We recently connected with Eve Powers and have shared our conversation below.
Eve, looking forward to hearing all of your stories today. Was there a moment in your career that meaningfully altered your trajectory? If so, we’d love to hear the backstory.
Before I became a Life Coach, I worked with at-risk youth who had made some decisions that threatened to destroy their lives. Some of them were robbers, abusers, drug addicts or gang members. Instead of seeing them as being these things, God helped me see them as youth who were powerful, brilliant and capable of success. I never treated them like they were losers. I treated them like they were winners. They started seeing themselves as winners, and started loving themselves enough to start creating positive changes in their lives. Many of them went on to be successful adults, because they were able to change their self-image.
After working with the youth, I discovered that I had the power to love people unconditionally, and I saw how that could change lives. I began falling in love with the idea of coaching people who had endured massive trauma, so I started The Sista Boi Empowerment Company. I began helping women redefine themselves so that they could own their powers and create a powerful self-identity. I love what I do, and I am proud to serve God and humanity, especially those who identify as LGBTQIA.
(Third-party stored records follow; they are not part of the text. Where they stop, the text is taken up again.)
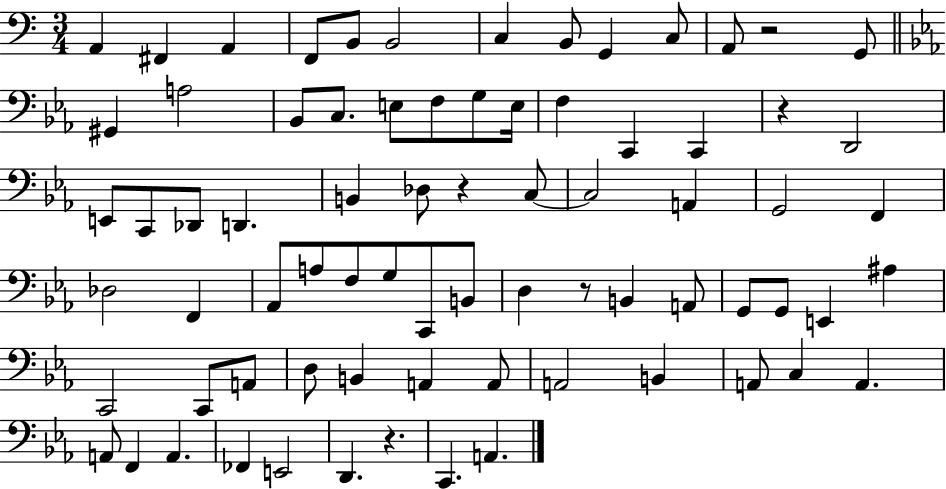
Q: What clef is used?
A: bass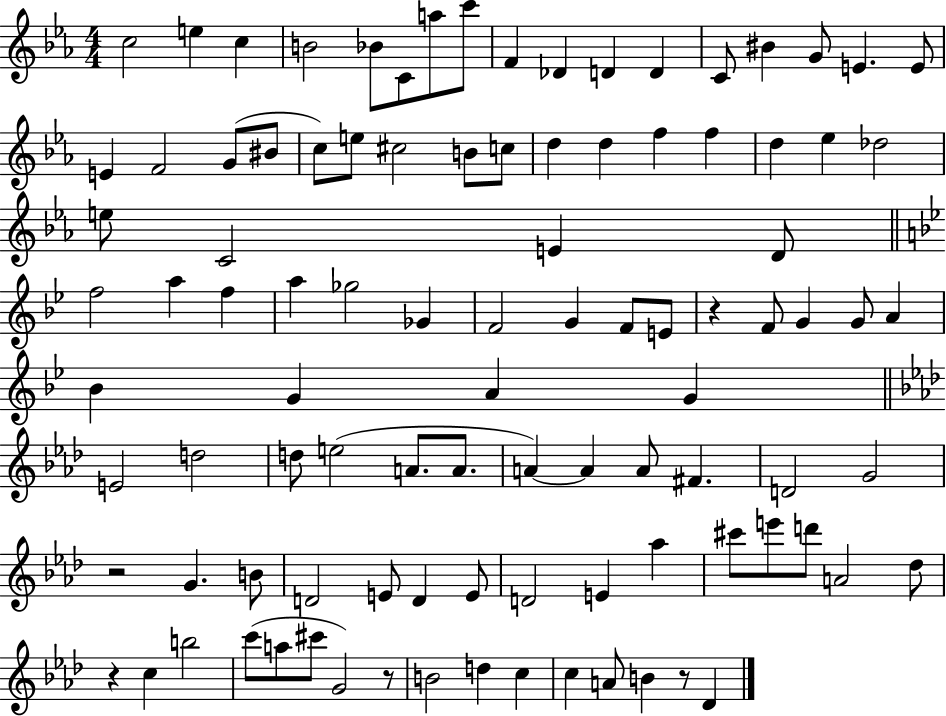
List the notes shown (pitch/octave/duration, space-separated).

C5/h E5/q C5/q B4/h Bb4/e C4/e A5/e C6/e F4/q Db4/q D4/q D4/q C4/e BIS4/q G4/e E4/q. E4/e E4/q F4/h G4/e BIS4/e C5/e E5/e C#5/h B4/e C5/e D5/q D5/q F5/q F5/q D5/q Eb5/q Db5/h E5/e C4/h E4/q D4/e F5/h A5/q F5/q A5/q Gb5/h Gb4/q F4/h G4/q F4/e E4/e R/q F4/e G4/q G4/e A4/q Bb4/q G4/q A4/q G4/q E4/h D5/h D5/e E5/h A4/e. A4/e. A4/q A4/q A4/e F#4/q. D4/h G4/h R/h G4/q. B4/e D4/h E4/e D4/q E4/e D4/h E4/q Ab5/q C#6/e E6/e D6/e A4/h Db5/e R/q C5/q B5/h C6/e A5/e C#6/e G4/h R/e B4/h D5/q C5/q C5/q A4/e B4/q R/e Db4/q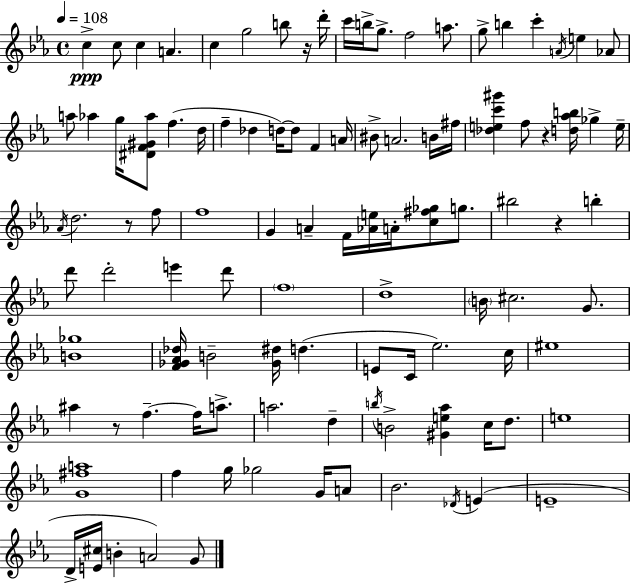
X:1
T:Untitled
M:4/4
L:1/4
K:Eb
c c/2 c A c g2 b/2 z/4 d'/4 c'/4 b/4 g/2 f2 a/2 g/2 b c' A/4 e _A/2 a/2 _a g/4 [^DF^G_a]/2 f d/4 f _d d/4 d/2 F A/4 ^B/2 A2 B/4 ^f/4 [_dec'^g'] f/2 z [d_ab]/4 _g e/4 _A/4 d2 z/2 f/2 f4 G A F/4 [_Ae]/4 A/4 [c^f_g]/2 g/2 ^b2 z b d'/2 d'2 e' d'/2 f4 d4 B/4 ^c2 G/2 [B_g]4 [F_G_A_d]/4 B2 [_G^d]/4 d E/2 C/4 _e2 c/4 ^e4 ^a z/2 f f/4 a/2 a2 d b/4 B2 [^Ge_a] c/4 d/2 e4 [G^fa]4 f g/4 _g2 G/4 A/2 _B2 _D/4 E E4 D/4 [E^c]/4 B A2 G/2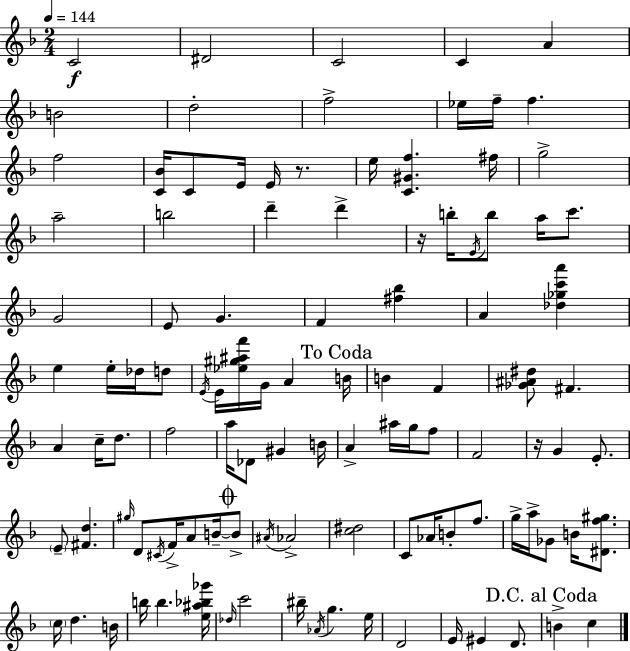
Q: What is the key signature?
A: F major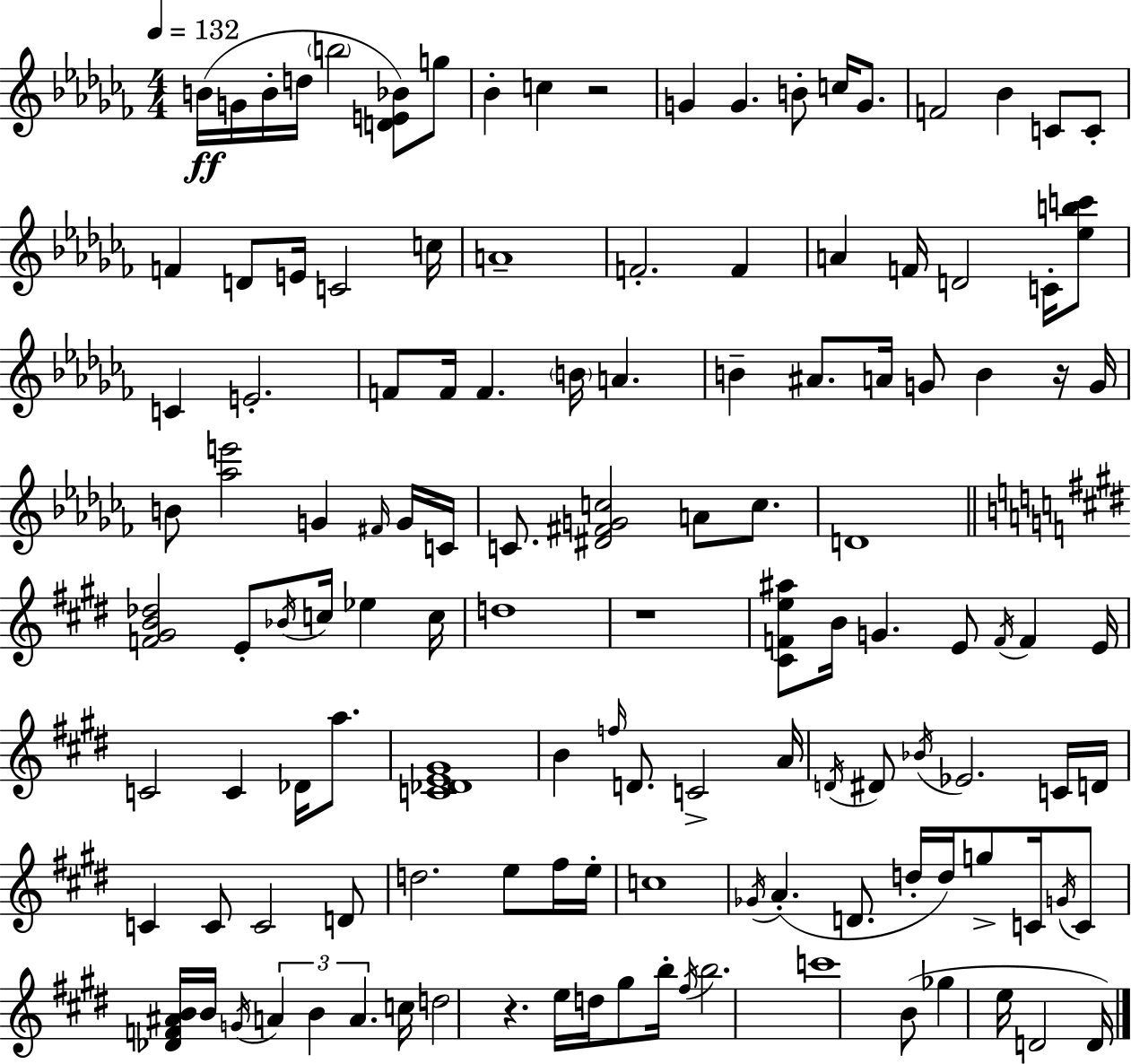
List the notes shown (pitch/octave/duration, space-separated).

B4/s G4/s B4/s D5/s B5/h [D4,E4,Bb4]/e G5/e Bb4/q C5/q R/h G4/q G4/q. B4/e C5/s G4/e. F4/h Bb4/q C4/e C4/e F4/q D4/e E4/s C4/h C5/s A4/w F4/h. F4/q A4/q F4/s D4/h C4/s [Eb5,B5,C6]/e C4/q E4/h. F4/e F4/s F4/q. B4/s A4/q. B4/q A#4/e. A4/s G4/e B4/q R/s G4/s B4/e [Ab5,E6]/h G4/q F#4/s G4/s C4/s C4/e. [D#4,F#4,G4,C5]/h A4/e C5/e. D4/w [F4,G#4,B4,Db5]/h E4/e Bb4/s C5/s Eb5/q C5/s D5/w R/w [C#4,F4,E5,A#5]/e B4/s G4/q. E4/e F4/s F4/q E4/s C4/h C4/q Db4/s A5/e. [C4,Db4,E4,G#4]/w B4/q F5/s D4/e. C4/h A4/s D4/s D#4/e Bb4/s Eb4/h. C4/s D4/s C4/q C4/e C4/h D4/e D5/h. E5/e F#5/s E5/s C5/w Gb4/s A4/q. D4/e. D5/s D5/s G5/e C4/s G4/s C4/e [Db4,F4,A#4,B4]/s B4/s G4/s A4/q B4/q A4/q. C5/s D5/h R/q. E5/s D5/s G#5/e B5/s F#5/s B5/h. C6/w B4/e Gb5/q E5/s D4/h D4/s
Eve, before we move on to more of these sorts of questions, can you take some time to bring our readers up to speed on you and what you do?
Dr. Eve Powers, also known as The Sista Boi, is a Certified Transformation Coach, Self-Love Mentor, Energy Healer, and self-help author. Dr. Eve earned her Master’s and Bachelor’s degree in Communications from California State University, holds a Diploma in Mental Health Studies, and a certificate in Mental Health First Aid.
She also holds a PhD in Kvantum Energy Healing, and a diploma in Relationship Counseling, Dr. Eve specializes in helping spiritual women around the world transform fear and anxiety into self-love and success, and is an advocate for at-risk youth and former foster youth who struggle with fear and anxiety, loss, and abandonment. Her non-traditional coaching methods help women create greatness from life’s biggest tragedies.
Dr. Eve’s work has appeared in The Huffington Post, Essence Magazine, Ebony Magazine, Heart & Soul Magazine, BET Centric, and many others.
An empowered trauma survivor and spiritual teacher, Dr. Eve offers self-love classes, workshops, and one-on-one private coaching sessions.
We’d love to hear a story of resilience from your journey.
As a child and for most of my adulthood, I suffered from chronically low self-love and self-esteem. Due to the fact that I was in foster care, had a father who abused me as well as my mom and many of my family members, dealt with chronic bullying for years and dealt with sexual abuse and abandonment, I didn’t like who I saw in the mirror. I often walked with my head hung down, put on headphones when I went out so that I could escape from the world, and I continually attracted toxic relationships. I felt sorry for myself, guilty that I lived while my brother was killed by my father.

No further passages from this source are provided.